Photos and results at the following link. Look at pinned post. Thank You!

/www.facebook.com/groups/1621701398125138/


----------



## DL07 (Jul 21, 2011)

Anyway for us guys that dont do facebook to see the results


----------



## lakeslouie (Jan 11, 2006)

Sunday's Lucky 17 event.
1st - Jeff Brown with son Michael 5.45lb.
2nd - Tony Perillo, Ricky Roschival 5.15lb.
3rd - Jeff Yeater, Larry Yanke 5.11lb.
4th - Ed Hankins, 4.73lb.
5th - Dave Wells, 4.10lb.
6th - Nick Hoaja,. Rick Heimbaugh 4.01lb.
7th - Jason and Josh Glockner, 3.89lb.
"Lucky 17" winners:
Jeff Miller and Dale Miller with a 1.48lb


----------



## lakeslouie (Jan 11, 2006)

DL07 said:


> Anyway for us guys that dont do facebook to see the results


Are you telling me that the link provided doesn't give you that information? Help me out. I really don't know the answer to that.


----------



## DL07 (Jul 21, 2011)

The link asks me to sign in to facebook. Im not a facebook user so Im unable to log in then view. Thanks for posting results


----------



## lakeslouie (Jan 11, 2006)

DL07 said:


> The link asks me to sign in to facebook.

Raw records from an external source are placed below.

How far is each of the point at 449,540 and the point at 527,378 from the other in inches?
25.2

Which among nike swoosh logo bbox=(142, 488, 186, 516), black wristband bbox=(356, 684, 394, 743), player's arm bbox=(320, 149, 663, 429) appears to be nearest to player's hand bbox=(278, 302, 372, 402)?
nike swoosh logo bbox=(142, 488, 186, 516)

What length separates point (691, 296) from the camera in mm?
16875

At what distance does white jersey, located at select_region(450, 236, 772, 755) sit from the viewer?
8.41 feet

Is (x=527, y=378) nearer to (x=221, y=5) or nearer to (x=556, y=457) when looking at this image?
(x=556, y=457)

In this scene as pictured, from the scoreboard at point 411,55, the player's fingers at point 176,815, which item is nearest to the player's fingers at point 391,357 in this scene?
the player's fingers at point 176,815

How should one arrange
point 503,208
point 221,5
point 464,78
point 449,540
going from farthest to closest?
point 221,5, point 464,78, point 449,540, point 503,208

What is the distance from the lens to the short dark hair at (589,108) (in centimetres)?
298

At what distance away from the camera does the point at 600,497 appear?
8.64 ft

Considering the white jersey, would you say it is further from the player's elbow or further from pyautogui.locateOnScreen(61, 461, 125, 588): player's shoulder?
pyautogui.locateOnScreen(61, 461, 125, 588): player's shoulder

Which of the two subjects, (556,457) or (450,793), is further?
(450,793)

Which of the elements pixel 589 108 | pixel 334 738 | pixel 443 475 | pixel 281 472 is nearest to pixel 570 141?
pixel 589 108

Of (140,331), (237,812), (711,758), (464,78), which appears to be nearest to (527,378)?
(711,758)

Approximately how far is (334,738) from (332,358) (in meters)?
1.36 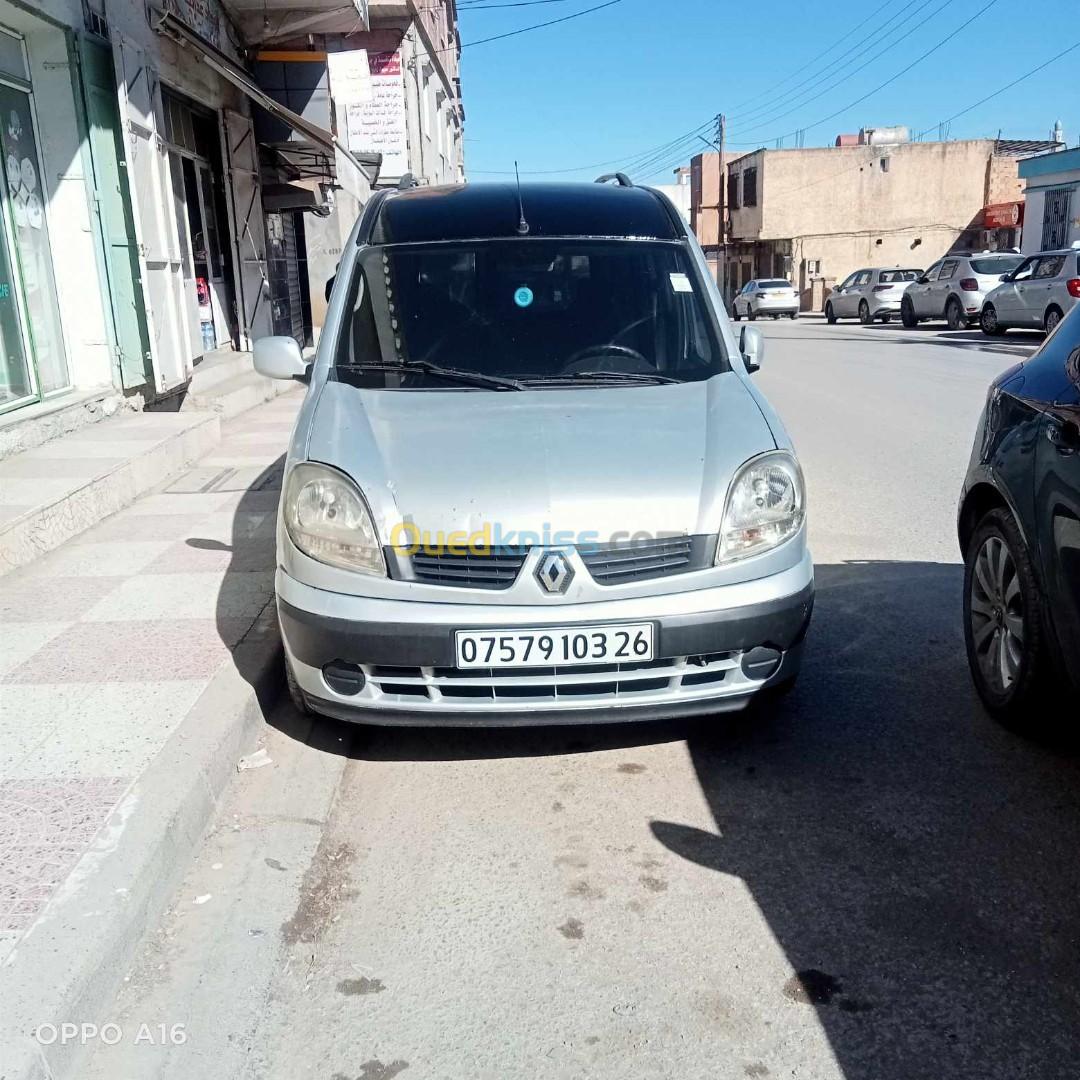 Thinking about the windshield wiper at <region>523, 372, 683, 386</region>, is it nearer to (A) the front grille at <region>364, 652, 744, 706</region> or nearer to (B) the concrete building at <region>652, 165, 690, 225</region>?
(A) the front grille at <region>364, 652, 744, 706</region>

Im not a facebook user so Im unable to log in then view. Thanks for posting results


OK Thank You. I did not know that


----------



## johnboy111711 (Apr 7, 2004)

I think the link will not show up is because it is posted in a group page and not a public page.


----------



## Keeping it reel (May 7, 2017)

lakeslouie said:


> Sunday's Lucky 17 event.
> 1st - Jeff Brown with son Michael 5.45lb.
> 2nd - Tony Perillo, Ricky Roschival 5.15lb.
> 3rd - Jeff Yeater, Larry Yanke 5.11lb.
> ...


Had a good time. Cold but fun...Let us know when there is another one like this. You do a great job with these tournaments from start to finish. BTW we were unlucky 18th...Close...even though we were not trying...


----------